INPUT → [CONV2D + MaxPooling2D] → [CONV2D] → [FC]*3
"""
def __init__(self):
super(BasicConvNet, self).__init__()
# Define the layers
self.conv1 = nn.Conv2d(3, 6, 5) # Convolutional layer
self.pool = nn.MaxPool2d(2, 2) # Pooling layer
self.conv2 = nn.Conv2d(6, 16, 5) # Another convolutional layer
self.fc1 = nn.Linear(16 * 5 * 5, 120) # Fully connected layer
self.fc2 = nn.Linear(120, 84) # Another fully connected layer
self.fc3 = nn.Linear(84, 10) # Output layer --> 10 classes
def forward(self, x):
"""Define the forward pass operations."""
x = self.pool(F.relu(self.conv1(x)))
x = self.pool(F.relu(self.conv2(x)))
x = x.view(-1, 16 * 5 * 5)
x = F.relu(self.fc1(x))
x = F.relu(self.fc2(x))
x = self.fc3(x)
return x
# Instantiate the neural network
net = BasicConvNet()
# Define the loss function and optimizer
criterion = nn.CrossEntropyLoss()
optimizer = optim.SGD(net.parameters(), lr=0.001, momentum=0.9)
# Lists to keep track of training progress
train_loss_list = []
accuracy_list = []
#sexy progress bar
from tqdm import tqdm
# loop over the dataset multiple times
for epoch in range(2):
running_loss = 0.0
correct = 0
total = 0
# We wrap the iterable object trainloader with tqdm
pbar = tqdm(enumerate(trainloader, 0), total=len(trainloader), ncols=80, leave=False)
for i, data in pbar:
# get the inputs; data is a list of [inputs, labels]
inputs, labels = data
# zero the parameter gradients
optimizer.zero_grad()
# forward + backward + optimize
outputs = net(inputs)
loss = criterion(outputs, labels)
loss.backward()
optimizer.step()
# calculate accuracy
_, predicted = torch.max(outputs.data, 1)
total += labels.size(0)
correct += (predicted == labels).sum().item()
# print statistics
running_loss += loss.item()
# Set the postfix of the progress bar to show loss and accuracy
pbar.set_postfix({'Loss': running_loss / (i+1), 'Accuracy %': 100 * correct / total}, refresh=True)
if i % 2000 == 1999: # append loss and accuracy every 2000 mini-batches
train_loss_list.append(running_loss / 2000)
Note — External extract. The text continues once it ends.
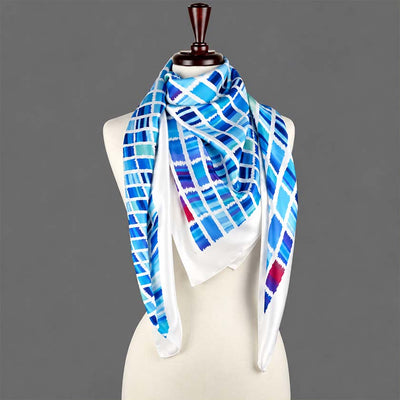 Ethnic teal and navy silk satin scarf by Anne Touraine Paris, displayed on a mannequin
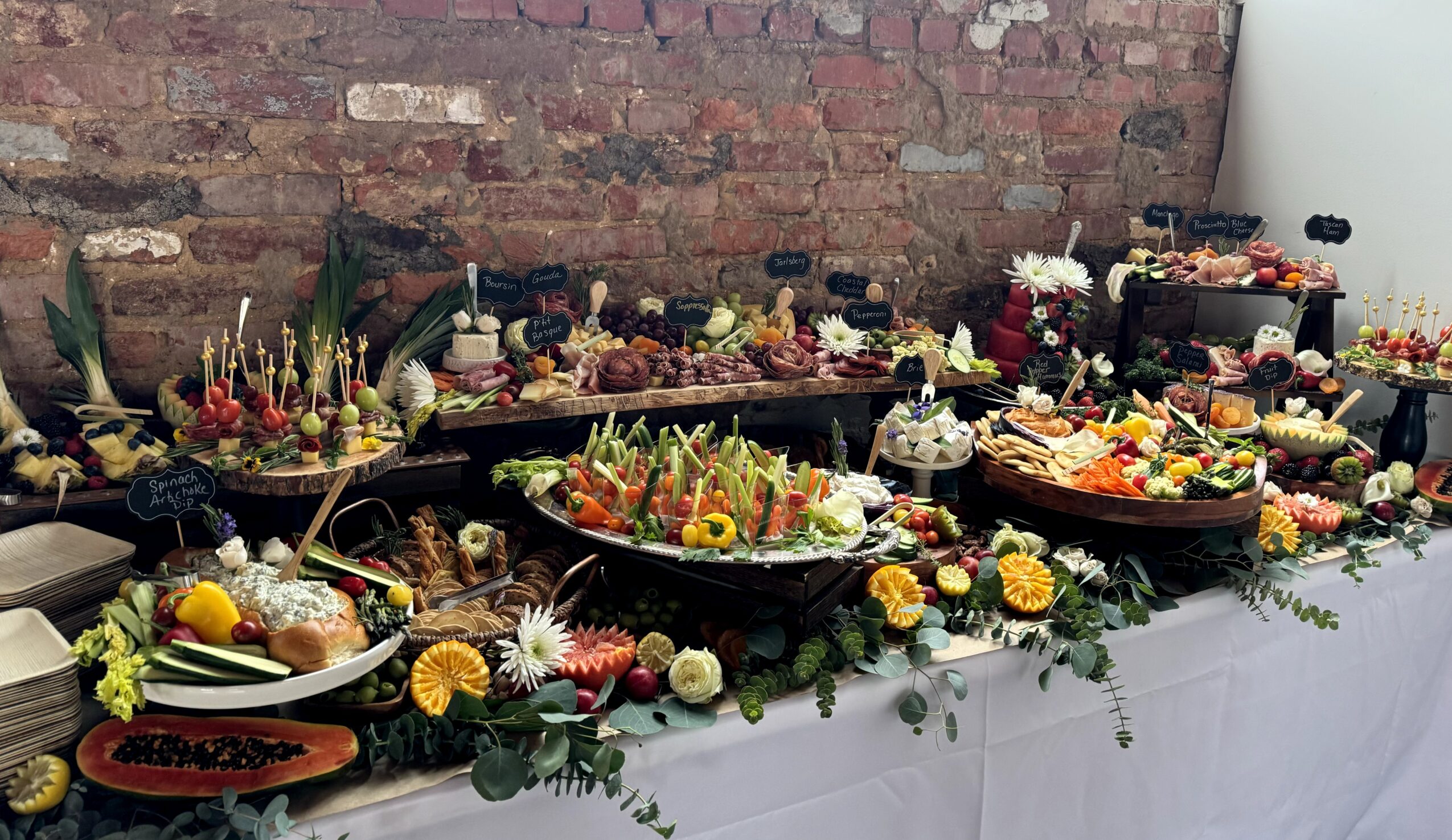 Table with various colorful food dishes and floral decorations against a brick wall, arranged for a celebration or event.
accuracy_list.append(100 * correct / total)
running_loss = 0.0
# Function to evaluate model on test set
def evaluate_model(testloader, model):
correct = 0
total = 0
with torch.no_grad():
for data in testloader:
images, labels = data
outputs = model(images)
_, predicted = torch.max(outputs.data, 1)
total += labels.size(0)
correct += (predicted == labels).sum().item()
print('Accuracy of the network on the 10000 test images: %d %%' % (100 * correct / total))
def imshow(img):
img = img / 2 + 0.5 # unnormalize
npimg = img.numpy()
plt.imshow(np.transpose(npimg, (1, 2, 0)))
plt.show()
# Function to show a random prediction from the test set
def show_random_prediction(testloader, model, classes):
dataiter = iter(testloader)
images, labels = next(dataiter)
outputs = model(images)
_, predicted = torch.max(outputs, 1)
imshow(torchvision.utils.make_grid(images))
print('GroundTruth: ', ' '.join('%5s' % classes[labels[j]] for j in range(4)))
print('Predicted: ', ' '.join('%5s' % classes[predicted[j]] for j in range(4)))
evaluate_model(testloader, net)
show_random_prediction(testloader, net, classes)
# Plotting the training progress
plt.figure(figsize=(12, 4))
plt.subplot(1, 2, 1)
plt.plot(train_loss_list, label='Loss')
plt.legend()
plt.subplot(1, 2, 2)
plt.plot(accuracy_list, label='Accuracy')
plt.legend()
plt.show()
Accuracy of the network on the 10000 test images: 53 %
GroundTruth: cat ship ship plane Predicted: cat car car ship
This is a basic example, but you can extend it with more layers, different types of layers, different training techniques, etc.
Please note 🤔¶
The actual architecture of a CNN (number of layers, types of layers, size of filters, etc.) depends heavily on the specific task and the dataset. You often need to experiment with different architectures to find the best one for your task.